We’re ignoring the real lessons from Ukraine

Michael Fallon

How big an army do we need? Are we buying the right amount of high-tech kit? Similar issues have confronted every defence secretary – but today, as we reckon with war in Europe, there is one overriding question: what does the current war in Ukraine tell us that might reshape our military for our next conflict? This week’s Defence Command Paper should have been the moment to provide real answers.

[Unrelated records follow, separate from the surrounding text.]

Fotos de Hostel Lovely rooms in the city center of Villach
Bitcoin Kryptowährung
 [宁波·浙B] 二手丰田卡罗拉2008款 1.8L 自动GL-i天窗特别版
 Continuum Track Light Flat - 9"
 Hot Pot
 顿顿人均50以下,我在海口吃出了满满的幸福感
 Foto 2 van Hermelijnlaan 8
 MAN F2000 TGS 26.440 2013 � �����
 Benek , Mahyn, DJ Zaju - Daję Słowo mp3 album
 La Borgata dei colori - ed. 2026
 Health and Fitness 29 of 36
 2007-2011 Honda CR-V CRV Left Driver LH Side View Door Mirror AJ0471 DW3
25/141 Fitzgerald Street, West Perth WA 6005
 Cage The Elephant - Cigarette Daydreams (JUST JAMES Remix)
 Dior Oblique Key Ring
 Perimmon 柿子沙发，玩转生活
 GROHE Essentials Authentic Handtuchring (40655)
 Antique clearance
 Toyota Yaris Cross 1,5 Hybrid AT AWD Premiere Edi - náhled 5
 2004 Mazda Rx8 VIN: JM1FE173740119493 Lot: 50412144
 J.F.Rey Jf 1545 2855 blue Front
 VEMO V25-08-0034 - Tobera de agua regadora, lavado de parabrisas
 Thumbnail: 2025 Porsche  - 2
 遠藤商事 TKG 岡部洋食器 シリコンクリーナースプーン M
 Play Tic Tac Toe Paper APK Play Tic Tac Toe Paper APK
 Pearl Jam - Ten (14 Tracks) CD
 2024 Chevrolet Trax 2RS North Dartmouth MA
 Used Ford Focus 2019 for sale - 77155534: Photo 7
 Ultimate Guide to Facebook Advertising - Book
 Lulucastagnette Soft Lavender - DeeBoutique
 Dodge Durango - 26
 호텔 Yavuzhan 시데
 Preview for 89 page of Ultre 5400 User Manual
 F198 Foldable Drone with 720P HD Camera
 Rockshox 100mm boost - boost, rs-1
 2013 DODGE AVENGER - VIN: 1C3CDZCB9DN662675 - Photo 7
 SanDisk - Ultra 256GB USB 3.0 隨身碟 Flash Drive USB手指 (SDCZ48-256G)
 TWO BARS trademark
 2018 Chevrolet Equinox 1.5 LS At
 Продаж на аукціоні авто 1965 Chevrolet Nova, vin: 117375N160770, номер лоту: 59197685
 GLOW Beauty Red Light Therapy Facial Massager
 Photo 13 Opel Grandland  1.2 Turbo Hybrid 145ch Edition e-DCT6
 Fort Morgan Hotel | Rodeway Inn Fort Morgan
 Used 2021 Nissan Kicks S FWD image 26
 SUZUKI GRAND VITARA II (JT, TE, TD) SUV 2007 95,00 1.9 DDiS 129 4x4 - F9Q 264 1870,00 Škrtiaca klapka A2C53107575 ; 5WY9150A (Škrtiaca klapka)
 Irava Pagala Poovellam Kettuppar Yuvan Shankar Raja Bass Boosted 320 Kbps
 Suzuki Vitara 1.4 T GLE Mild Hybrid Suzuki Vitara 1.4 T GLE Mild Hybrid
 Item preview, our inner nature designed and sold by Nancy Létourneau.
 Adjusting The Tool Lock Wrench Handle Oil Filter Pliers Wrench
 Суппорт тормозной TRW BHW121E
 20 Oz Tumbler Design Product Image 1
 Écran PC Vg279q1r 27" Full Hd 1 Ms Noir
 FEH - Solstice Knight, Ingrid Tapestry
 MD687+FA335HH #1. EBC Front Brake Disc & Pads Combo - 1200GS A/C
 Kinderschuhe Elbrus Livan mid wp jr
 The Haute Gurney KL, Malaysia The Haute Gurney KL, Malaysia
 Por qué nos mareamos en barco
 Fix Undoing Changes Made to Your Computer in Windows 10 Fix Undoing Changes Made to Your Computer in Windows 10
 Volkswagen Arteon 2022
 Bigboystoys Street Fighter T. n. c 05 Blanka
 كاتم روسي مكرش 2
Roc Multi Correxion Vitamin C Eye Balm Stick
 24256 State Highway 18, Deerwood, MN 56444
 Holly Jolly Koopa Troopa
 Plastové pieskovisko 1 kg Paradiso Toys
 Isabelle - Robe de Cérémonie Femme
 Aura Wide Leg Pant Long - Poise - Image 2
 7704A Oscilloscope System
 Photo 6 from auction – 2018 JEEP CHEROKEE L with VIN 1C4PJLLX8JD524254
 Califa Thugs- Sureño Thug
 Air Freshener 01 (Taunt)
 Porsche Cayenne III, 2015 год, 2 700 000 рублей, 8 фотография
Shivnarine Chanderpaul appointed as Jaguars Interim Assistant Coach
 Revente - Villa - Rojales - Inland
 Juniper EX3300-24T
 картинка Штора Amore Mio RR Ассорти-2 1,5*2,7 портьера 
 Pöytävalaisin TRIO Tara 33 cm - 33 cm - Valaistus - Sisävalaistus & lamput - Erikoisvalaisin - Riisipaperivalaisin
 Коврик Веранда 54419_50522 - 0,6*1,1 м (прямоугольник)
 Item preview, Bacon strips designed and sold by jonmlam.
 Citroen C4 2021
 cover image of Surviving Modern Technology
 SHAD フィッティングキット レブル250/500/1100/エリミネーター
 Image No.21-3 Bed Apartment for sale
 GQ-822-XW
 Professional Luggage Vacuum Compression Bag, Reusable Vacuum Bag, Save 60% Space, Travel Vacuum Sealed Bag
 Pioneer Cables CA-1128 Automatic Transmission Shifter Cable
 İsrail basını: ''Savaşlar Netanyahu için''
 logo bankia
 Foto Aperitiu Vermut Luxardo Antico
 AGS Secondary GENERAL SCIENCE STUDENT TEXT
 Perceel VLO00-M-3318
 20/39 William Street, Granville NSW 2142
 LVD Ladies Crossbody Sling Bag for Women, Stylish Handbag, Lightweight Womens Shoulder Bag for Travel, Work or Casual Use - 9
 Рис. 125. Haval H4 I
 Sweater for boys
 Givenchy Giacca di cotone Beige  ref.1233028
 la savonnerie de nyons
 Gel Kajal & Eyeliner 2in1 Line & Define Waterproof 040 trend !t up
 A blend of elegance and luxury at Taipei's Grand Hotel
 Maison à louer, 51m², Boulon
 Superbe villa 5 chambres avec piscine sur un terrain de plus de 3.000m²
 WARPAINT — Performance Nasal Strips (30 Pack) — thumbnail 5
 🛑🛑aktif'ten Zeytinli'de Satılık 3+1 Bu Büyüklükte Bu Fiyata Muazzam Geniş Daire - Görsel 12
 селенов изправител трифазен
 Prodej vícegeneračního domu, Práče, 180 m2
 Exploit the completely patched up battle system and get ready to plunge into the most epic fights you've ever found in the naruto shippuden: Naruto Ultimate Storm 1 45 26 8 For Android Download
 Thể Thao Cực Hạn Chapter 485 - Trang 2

Surely, the first lesson of Ukraine is that size matters. A country with an international role – in Nato, at the UN, and in partnership with the United States and key strategic allies across the globe – needs armed forces to match. When friends call for help, we have to be there to defend their freedoms and our values – and to be able to deliver that, an army of just over 70,000 is too small. Kyiv’s formidable forces have shown the power of having the numbers ready to fight. Ben Wallace is right, of course, that a larger army would require a bigger defence budget. We’re spending just over the Nato minimum, at 2.1 per cent of GDP. But Russia was spending a higher proportion of its GDP in the run up to the invasion and even that hasn’t proved enough for them. Meanwhile, China is developing a third aircraft carrier, nuclear ballistic submarines and a massive surface fleet.
If you still think 2.1 per cent is enough, consider this: at the turn of this century, before 9/11 and international terrorism, before Russia invaded Crimea, before Iran and North Korea developed long-range missiles, before China openly threatened Taiwan, we were spending 2.7 per cent. The Prime Minister and Chancellor have talked of a new target of 2.5 per cent but, despite all encouragement, this is still just talk. Without a firm glide-path towards it, the need to plan and pay for new and expensive weaponry means that the Army in particular will continue to shrink. Whitehall jargon about “draping capabilities across platforms” and “it’s all about the effect you deliver” is no substitute for hard numbers of well trained and deployable troops.
The second lesson of Ukraine is that you must plan for the unexpected. In my first few months as defence secretary, we had to organise our new Nato deployment of hundreds of troops to Estonia; we had to send men to join a huge allied training programme to help rebuild the Iraqi forces struggling against Daesh; we started to plan British Army training of the Ukrainian army resisting the original Russian advance into the Donbas back in 2014. In the midst of all this, we suddenly had to dispatch 700 troops and helicopters to tackle the deadly outbreak of Ebola in Sierra Leone.
And all of it came on top of existing commitments in Northern Ireland, in Cyprus, in different trouble spots in Africa and across the Middle East, and alongside domestic preparedness here to help with floods, tanker driver and ambulance disputes, and backing up armed police guarding against key terrorist targets.
The next defence secretary may have to be ready to send hundreds more troops to reinforce Nato’s eastern frontier, to defend British interests in the Gulf, to stand by allies under threat in the Indo-Pacific. You simply can’t honour all these commitments with small packets of soldiers, endlessly rotated. The third lesson is perhaps the most important of all. Ukraine mobilised extraordinarily quickly to combat the Russian invasion. It has been a whole of nation effort, involving not just regulars and reserves but civilians, too. It is a war of technology, to be sure, involving drones and long-range missiles, but it is also a war of territory. And defending territory means holding and recapturing ground. That requires infantry supported by armour and artillery. Even with earlier and better air support from the allies, this would still have been a ground war fought by soldiers.
Ukraine, like Russia, has thrown thousands of men into this fight. If Nato’s north-eastern border is breached, if Russia again threatens Georgia and Moldova or the western Balkans, we would have to mobilise here in numbers, too. These are, as the Defence Secretary acknowledges, very dangerous times. Far from cutting Army numbers, we should be increasing them, and supplementing them with stronger reserves.